Broken SPF records silently kill deals. Bad contact data does the same thing. Prospeo refreshes 300M+ profiles every 7 days - not every 6 weeks - so you're never sending to stale addresses that trigger spam filters you just spent an hour configuring.

Don't let outdated data undo all your DNS work.

FAQ

Can I have multiple SPF records on one domain?

No. RFC 7208 requires exactly one v=spf1 TXT record per hostname. Multiple records cause a PermError - SPF fails entirely. Merge all include: mechanisms into a single record with one v=spf1 prefix and one -all suffix.

Should I use -all or ~all?

Use ~all during initial testing, then switch to -all within a week once all legitimate senders are confirmed.
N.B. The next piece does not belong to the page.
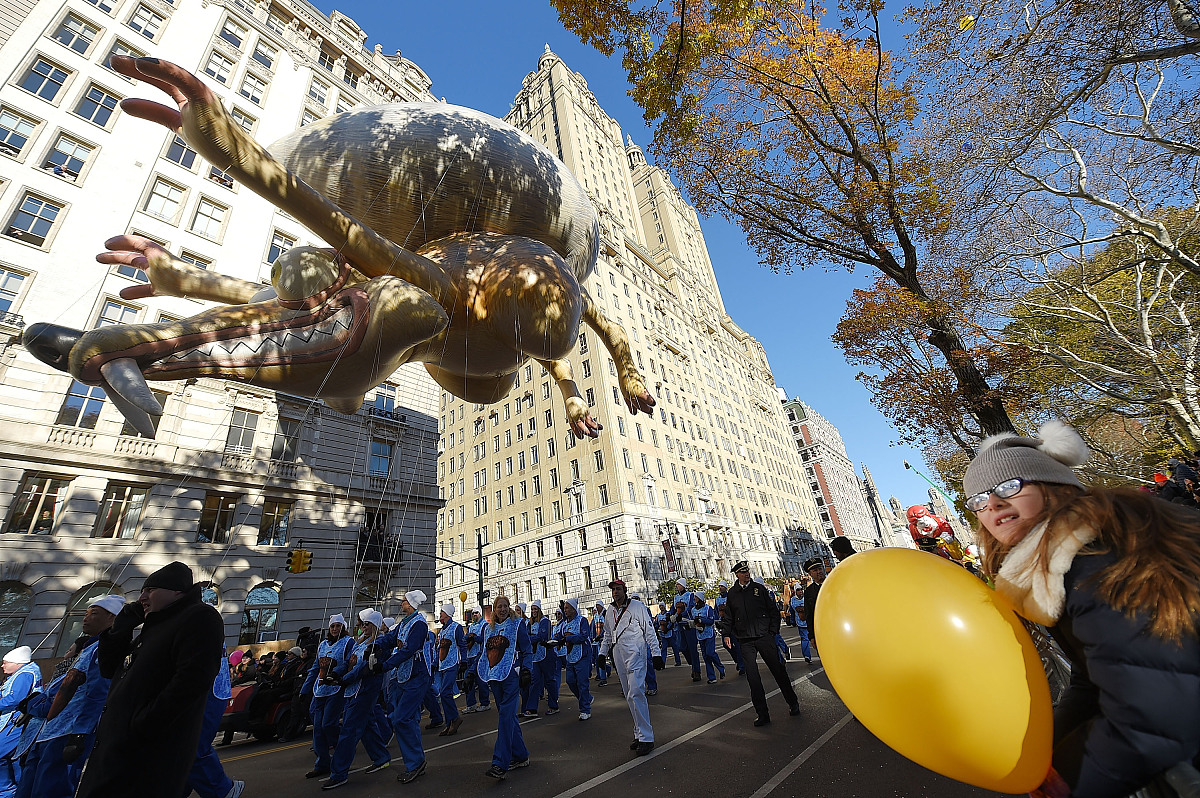 Ice Age 1 movie English dialogueWhy not call it the Big Chill or the Nippy era Im just saying how do we know its an Ice age Because of all the ice Well things just got a little chillier Help Help Come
Softfail tells receivers "probably unauthorized, but let it through" - that defeats the purpose of SPF enforcement long-term.

Does Cloudflare's proxy affect email authentication?

SPF itself isn't affected since it's a TXT record lookup. But proxying mail-related hostnames (orange cloud) can break SMTP connections and DKIM verification. Keep all mail-related DNS entries set to DNS-only (gray cloud).

How do I check my SPF lookup count?

Paste your domain into MXToolbox's SPF checker or Kitterman's validator - both display the total recursive lookup count. You have a hard cap of 10. If you're at 8+, replace a and mx mechanisms with ip4: entries and audit unused includes.

What's the best way to protect deliverability beyond SPF?

Proper SPF, DKIM, and DMARC alignment is the baseline. After that, the biggest deliverability killer is bounce rate from bad contact data. Verifying emails before you send keeps bounces under 3% - the threshold most ESPs flag.